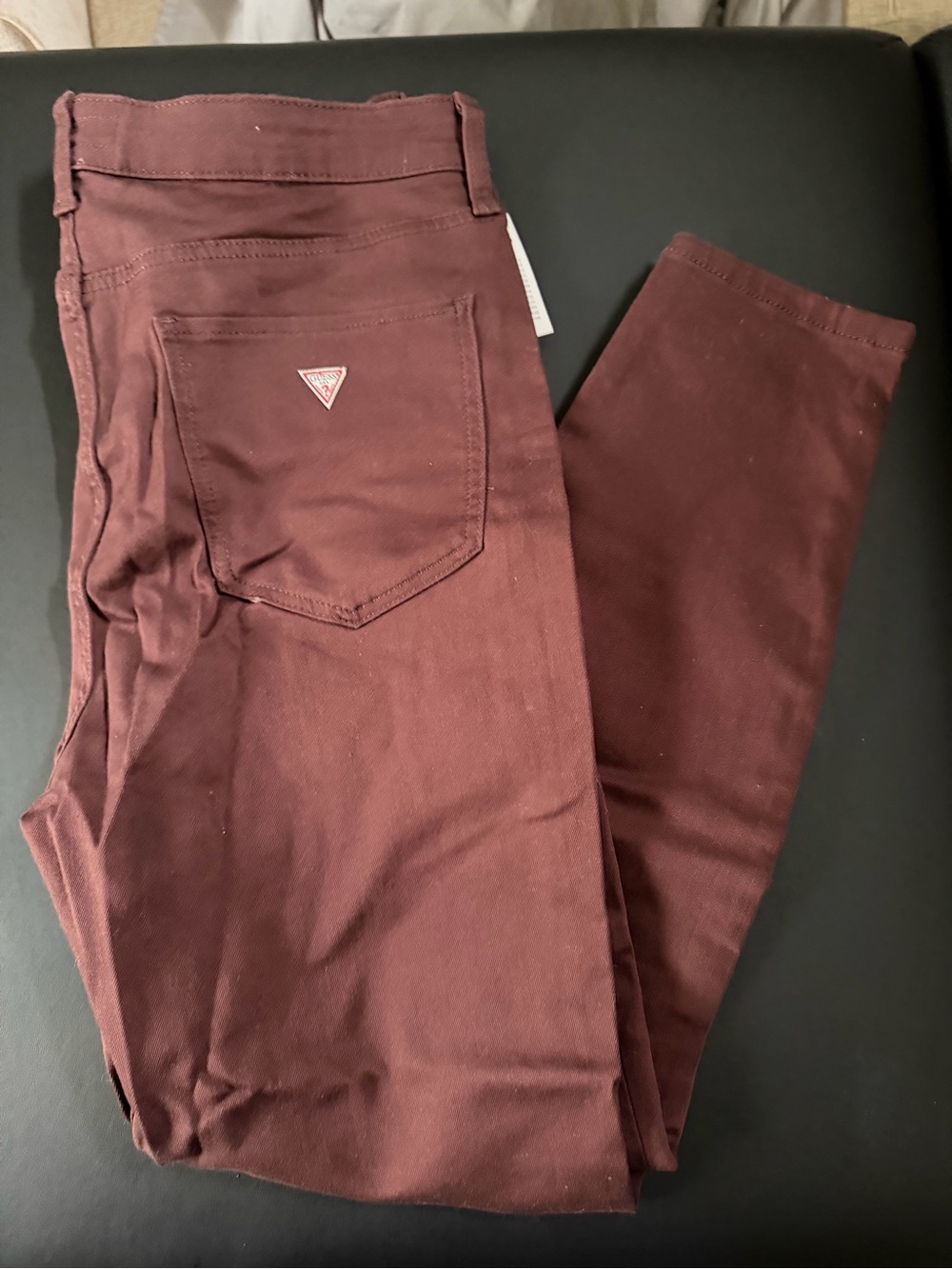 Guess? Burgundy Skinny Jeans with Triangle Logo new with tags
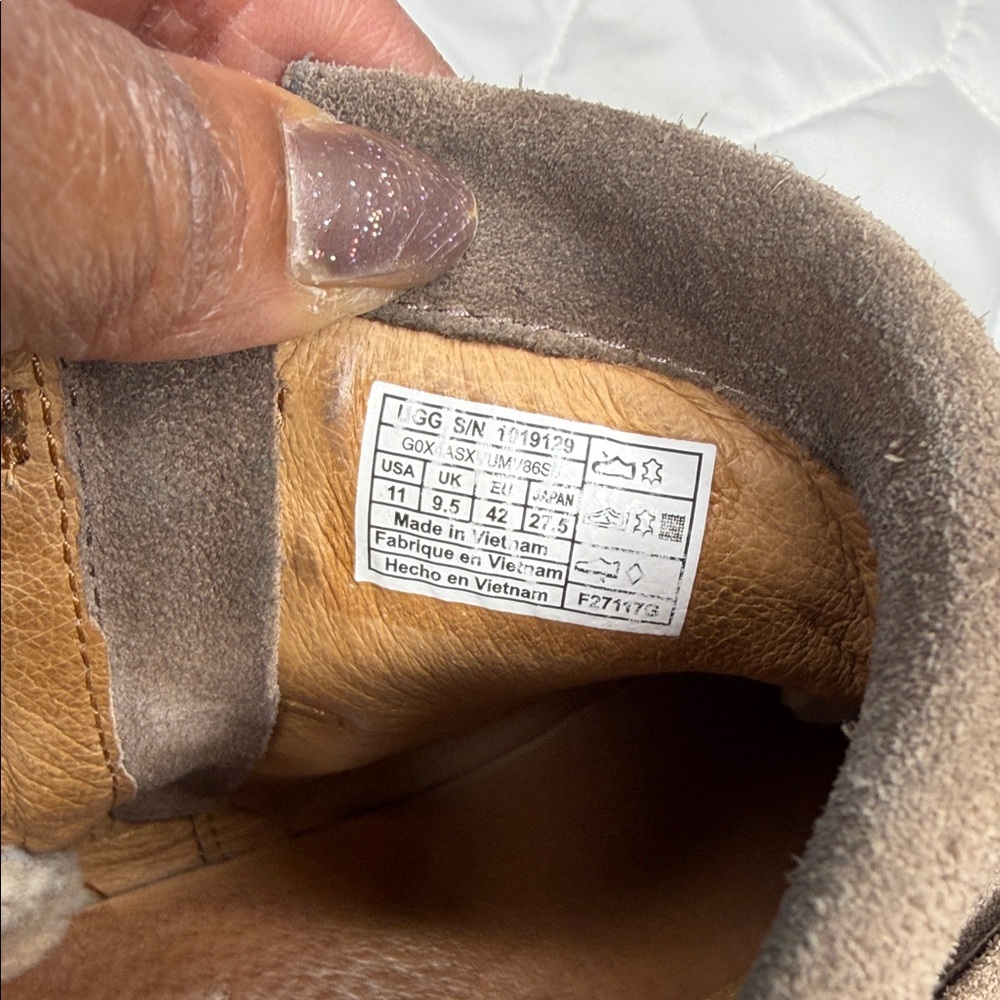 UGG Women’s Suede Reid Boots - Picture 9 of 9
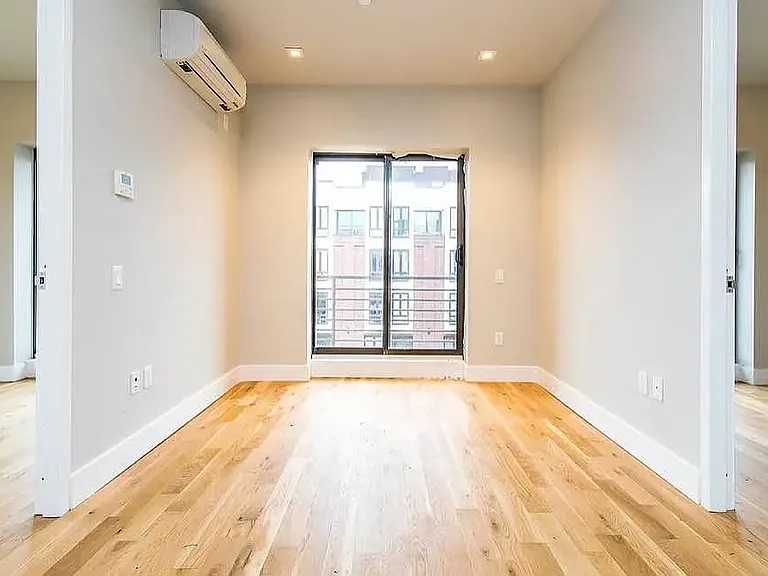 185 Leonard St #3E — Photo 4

==

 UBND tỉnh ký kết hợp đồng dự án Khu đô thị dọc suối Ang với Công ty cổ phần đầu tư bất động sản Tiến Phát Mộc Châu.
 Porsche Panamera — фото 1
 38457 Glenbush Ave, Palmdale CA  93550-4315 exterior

## WHAT IS BEING ASKED
Excerpt from the records above: set down only the lines from the one that contains "UGG Women’s Suede" through the one that contains "185 Leonard St #3E — Photo 4", inclusive, word for word. Pictures stay out.

## SOLUTION TO THIS TASK
 UGG Women’s Suede Reid Boots - Picture 9 of 9
 185 Leonard St #3E — Photo 4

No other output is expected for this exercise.